_What to produce_
Make an exact reproduction of all the data.
Exercise inputs START
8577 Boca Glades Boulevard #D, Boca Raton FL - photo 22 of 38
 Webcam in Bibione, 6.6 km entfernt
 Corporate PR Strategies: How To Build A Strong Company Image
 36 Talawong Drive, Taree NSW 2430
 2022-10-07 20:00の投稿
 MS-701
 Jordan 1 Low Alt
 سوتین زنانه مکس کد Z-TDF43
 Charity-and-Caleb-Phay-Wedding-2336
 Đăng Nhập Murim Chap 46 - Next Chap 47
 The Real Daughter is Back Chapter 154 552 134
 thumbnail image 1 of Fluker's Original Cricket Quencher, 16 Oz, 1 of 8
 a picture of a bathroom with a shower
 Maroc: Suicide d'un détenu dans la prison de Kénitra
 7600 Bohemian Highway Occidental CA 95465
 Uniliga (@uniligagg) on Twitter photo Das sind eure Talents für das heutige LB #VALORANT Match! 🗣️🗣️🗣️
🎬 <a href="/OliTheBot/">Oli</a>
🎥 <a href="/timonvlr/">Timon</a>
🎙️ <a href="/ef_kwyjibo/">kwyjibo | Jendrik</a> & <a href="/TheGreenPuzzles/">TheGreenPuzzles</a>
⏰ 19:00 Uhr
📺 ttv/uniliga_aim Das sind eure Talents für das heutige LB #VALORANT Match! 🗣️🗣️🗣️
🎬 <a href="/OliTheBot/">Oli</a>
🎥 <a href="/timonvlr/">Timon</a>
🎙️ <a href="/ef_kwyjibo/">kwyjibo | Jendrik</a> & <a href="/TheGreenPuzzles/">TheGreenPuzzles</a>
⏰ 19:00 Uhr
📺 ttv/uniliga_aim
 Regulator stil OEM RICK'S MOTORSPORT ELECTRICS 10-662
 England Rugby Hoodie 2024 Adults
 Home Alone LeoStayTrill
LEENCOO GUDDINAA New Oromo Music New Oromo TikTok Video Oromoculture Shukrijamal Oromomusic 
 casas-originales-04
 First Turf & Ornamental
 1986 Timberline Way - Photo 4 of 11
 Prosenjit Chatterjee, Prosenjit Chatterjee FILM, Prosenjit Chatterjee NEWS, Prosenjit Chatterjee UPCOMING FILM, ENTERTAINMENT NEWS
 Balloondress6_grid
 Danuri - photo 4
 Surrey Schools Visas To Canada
Exercise inputs END
_Answer box_
8577 Boca Glades Boulevard #D, Boca Raton FL - photo 22 of 38
 Webcam in Bibione, 6.6 km entfernt
 Corporate PR Strategies: How To Build A Strong Company Image
 36 Talawong Drive, Taree NSW 2430
 2022-10-07 20:00の投稿
 MS-701
 Jordan 1 Low Alt
 سوتین زنانه مکس کد Z-TDF43
 Charity-and-Caleb-Phay-Wedding-2336
 Đăng Nhập Murim Chap 46 - Next Chap 47
 The Real Daughter is Back Chapter 154 552 134
 thumbnail image 1 of Fluker's Original Cricket Quencher, 16 Oz, 1 of 8
 a picture of a bathroom with a shower
 Maroc: Suicide d'un détenu dans la prison de Kénitra
 7600 Bohemian Highway Occidental CA 95465
 Uniliga (@uniligagg) on Twitter photo Das sind eure Talents für das heutige LB #VALORANT Match! 🗣️🗣️🗣️
🎬 <a href="/OliTheBot/">Oli</a>
🎥 <a href="/timonvlr/">Timon</a>
🎙️ <a href="/ef_kwyjibo/">kwyjibo | Jendrik</a> & <a href="/TheGreenPuzzles/">TheGreenPuzzles</a>
⏰ 19:00 Uhr
📺 ttv/uniliga_aim Das sind eure Talents für das heutige LB #VALORANT Match! 🗣️🗣️🗣️
🎬 <a href="/OliTheBot/">Oli</a>
🎥 <a href="/timonvlr/">Timon</a>
🎙️ <a href="/ef_kwyjibo/">kwyjibo | Jendrik</a> & <a href="/TheGreenPuzzles/">TheGreenPuzzles</a>
⏰ 19:00 Uhr
📺 ttv/uniliga_aim
 Regulator stil OEM RICK'S MOTORSPORT ELECTRICS 10-662
 England Rugby Hoodie 2024 Adults
 Home Alone LeoStayTrill
LEENCOO GUDDINAA New Oromo Music New Oromo TikTok Video Oromoculture Shukrijamal Oromomusic 
 casas-originales-04
 First Turf & Ornamental
 1986 Timberline Way - Photo 4 of 11
 Prosenjit Chatterjee, Prosenjit Chatterjee FILM, Prosenjit Chatterjee NEWS, Prosenjit Chatterjee UPCOMING FILM, ENTERTAINMENT NEWS
 Balloondress6_grid
 Danuri - photo 4
 Surrey Schools Visas To Canada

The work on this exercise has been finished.